**Brief**
Repeat the listing below exactly. Pictures do not belong in the copy.

**Given material**
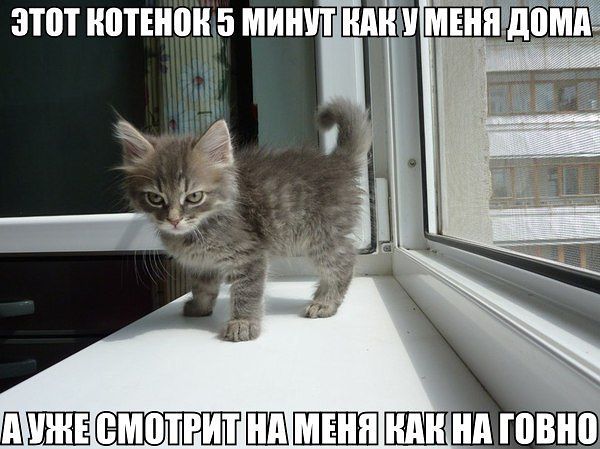 Немного позитива на пятницу.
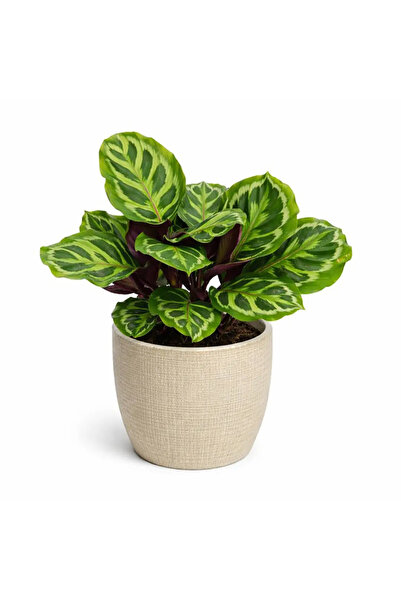 Ernaz Bitki Dünyası Calathea Medallion (Dua Çiçeği) Canlı Ev & Ofis İç Mekan ...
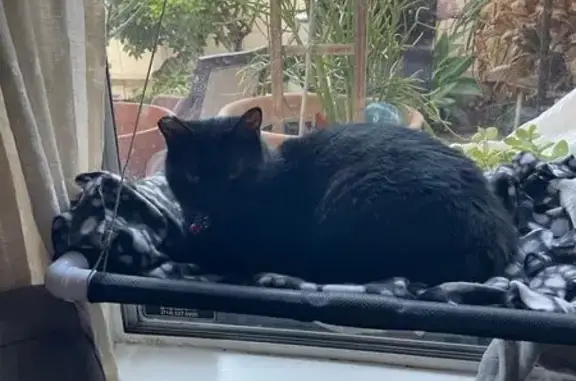 Missing cat San Diego, photo: Lost Black Cat: Pink Collar, Green Eyes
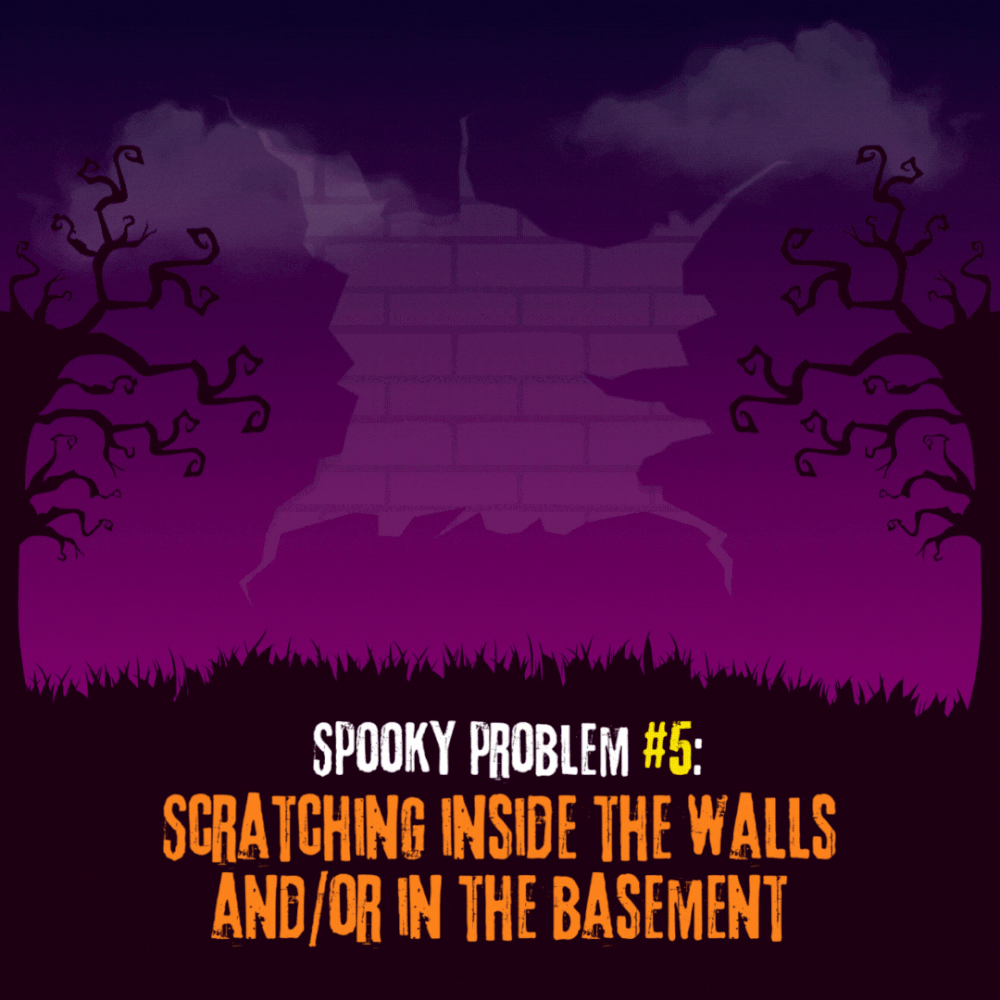 Think Your House Is Haunted? Here's What's Really Going On and How to Fix Those Spooky Problems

**Answer**
 Немного позитива на пятницу.
 Ernaz Bitki Dünyası Calathea Medallion (Dua Çiçeği) Canlı Ev & Ofis İç Mekan ...
 Missing cat San Diego, photo: Lost Black Cat: Pink Collar, Green Eyes
 Think Your House Is Haunted? Here's What's Really Going On and How to Fix Those Spooky Problems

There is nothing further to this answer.